**AIM OF THE EXERCISE**
Look through the material below and copy exactly the lines from the line with "Ezeceği - 3" to the line with "Dior Patent Saddle Belt Bag", those two lines included.

:: DATA SHOWN

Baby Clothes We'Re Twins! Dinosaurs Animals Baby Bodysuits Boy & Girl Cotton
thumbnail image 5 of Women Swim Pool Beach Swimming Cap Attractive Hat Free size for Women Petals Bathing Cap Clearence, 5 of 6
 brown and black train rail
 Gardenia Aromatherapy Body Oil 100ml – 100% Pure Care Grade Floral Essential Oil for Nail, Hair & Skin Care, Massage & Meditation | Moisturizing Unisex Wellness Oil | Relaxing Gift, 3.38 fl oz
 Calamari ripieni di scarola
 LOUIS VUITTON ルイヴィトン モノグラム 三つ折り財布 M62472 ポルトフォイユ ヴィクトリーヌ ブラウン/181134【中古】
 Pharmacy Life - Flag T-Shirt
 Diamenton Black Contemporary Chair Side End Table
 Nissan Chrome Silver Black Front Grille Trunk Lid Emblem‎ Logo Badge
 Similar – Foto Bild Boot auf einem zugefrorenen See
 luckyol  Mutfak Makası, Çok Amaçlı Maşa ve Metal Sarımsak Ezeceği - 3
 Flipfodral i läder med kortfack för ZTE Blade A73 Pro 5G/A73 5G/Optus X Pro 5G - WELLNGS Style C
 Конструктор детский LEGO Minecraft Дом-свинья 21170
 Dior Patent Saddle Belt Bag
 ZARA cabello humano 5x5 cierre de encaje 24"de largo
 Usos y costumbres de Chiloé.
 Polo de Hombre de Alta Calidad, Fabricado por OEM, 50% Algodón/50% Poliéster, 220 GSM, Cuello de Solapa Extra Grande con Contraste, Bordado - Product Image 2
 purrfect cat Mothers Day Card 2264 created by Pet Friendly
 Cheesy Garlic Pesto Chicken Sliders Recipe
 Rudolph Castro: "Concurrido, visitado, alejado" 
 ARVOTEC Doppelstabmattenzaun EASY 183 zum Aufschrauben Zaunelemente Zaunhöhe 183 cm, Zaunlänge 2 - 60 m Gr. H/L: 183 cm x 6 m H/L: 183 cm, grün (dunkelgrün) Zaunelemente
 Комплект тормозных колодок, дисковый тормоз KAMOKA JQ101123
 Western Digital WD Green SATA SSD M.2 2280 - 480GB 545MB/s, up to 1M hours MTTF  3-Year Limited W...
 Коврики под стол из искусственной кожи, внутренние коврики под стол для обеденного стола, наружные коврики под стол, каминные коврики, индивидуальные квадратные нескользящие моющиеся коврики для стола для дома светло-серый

::::

**RESULT OF THIS TASK**
 luckyol  Mutfak Makası, Çok Amaçlı Maşa ve Metal Sarımsak Ezeceği - 3
 Flipfodral i läder med kortfack för ZTE Blade A73 Pro 5G/A73 5G/Optus X Pro 5G - WELLNGS Style C
 Конструктор детский LEGO Minecraft Дом-свинья 21170
 Dior Patent Saddle Belt Bag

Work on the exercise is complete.